Le Monde

31 janvier 2003, page 5

 

Des "effets pervers" dénoncés, mais jamais chiffrés

Jean-Michel Bezat

 

Renaud Dutreil , secrétaire d'Etat aux PME, a trouvé une nouvelle signification au sigle ISF : "Incitation à sortir de France". Persuadé que l'impôt de solidarité sur la fortune et le poids global de la fiscalité poussent les entrepreneurs à s'expatrier tout en dissuadant les étrangers d'y investir, le gouvernement souhaite corriger ce qu'il considère comme un frein au développement économique et aux créations d'emplois. Quelles sont les retombées économiques de ce prélèvement, instauré en 1988, qui a rapporté 2,6 milliards d'euros en 2001 ?

 

La droite et le patronat lui attribuent plusieurs "effets pervers". Il obligerait des chefs d'entreprise à verser des dividendes aux actionnaires détenant moins de 25 % du capital (et donc non exonérés) pour qu'ils puissent acquitter l'ISF – même si l'argent était destiné à l'investissement productif. En maintenant ce seuil de détention de 25 % pour échapper à l'ISF, la loi inciterait aussi les patrons de PME à refuser tout appel public à l'épargne pour développer l'entreprise afin de ne pas diluer leur participation et, ainsi, tomber sous le coup de l'ISF. Enfin, au moment d'une transmission, les héritiers seraient tentés de transférer leur patrimoine et d'élire domicile fiscal hors de France pour échapper à cet impôt.
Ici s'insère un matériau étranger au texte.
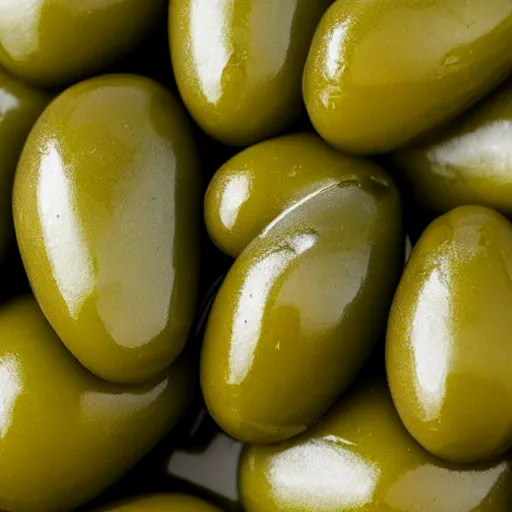 Image similar to marinated olive with a human face. highly detailed. hyper real photo. 4 k.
Quitte à vendre ensuite leurs parts à des étrangers, ce qui entraînerait une fuite des centres de décision, des équipes de recherche, de l'investissement et des emplois vers des contrées plus accueillantes.

 

Le ministre des finances, Francis Mer – lui-même chef d'entreprise jusqu'à son entrée au gouvernement – défend une réforme de l'ISF, mais confesse ne pas connaître le nombre d'entreprises délocalisées afin d'échapper à l'imposition ou celles qui auraient disparu lors de leur transmission. Notaires et conseillers en gestion de patrimoine certifient, eux, qu'on se presse dans leurs études pour étudier toutes les formules d'exonération possibles.

 

LOBBYING PATRONAL

 

Marc Ladreit de Lacharrière, président de Fimalac, a relancé la polémique en affirmant que l'ISF "oblige chaque année 200 à 300 personnes à émigrer" en raison de son caractère "confiscatoire", notamment quand un patron part en retraite (Le Monde du 25 janvier). Il attribue l'absence de données officielles au fait que, pour Bercy,"elles relèvent d'un secret d'Etat". Depuis plusieurs années, le Medef et les associations de lobbying patronal réclament la suppression de l'ISF, notamment au nom de la défense de l'emploi et des PME patrimoniales.

 

Dans ce combat, ils ont été rejoints par une partie du PS. Un rapport remis à Lionel Jospin en juillet 2001 par Michel Charzat, député (PS) de Paris, plaidait pour une amélioration de l'environnement fiscal des entreprises implantées en France afin d'attirer des cadres étrangers et de maintenir les sièges de grandes sociétés. M. Charzat, comme Didier Migaud, alors rapporteur général du budget à l'Assemblée nationale – et lui aussi proche de Laurent Fabius –, avait proposé, pour "rendre l'ISF plus efficace", de "renforcer son adaptation à l'évolution économique", comme dans la plupart des pays européens. Ses propositions étaient restées lettre morte, le gouvernement et la majorité d'alors n'y voyant qu'une forme de "dumping fiscal".

 

En l'absence de données fiables, certains économistes doutent cependant que l'ISF entraîne une fuite massive des cerveaux et des capitaux. A l'instar de Thomas Piketty, auteur d'un ouvrage de référence (Les Hauts Revenus en France au XXe siècle, Grasset, 2001), qui notait, mercredi dans Libération, que l'"on n'observe pas d'hémorragie évidente"depuis l'instauration de cet impôt, percevant "beaucoup d'idéologie"derrière ces affirmations.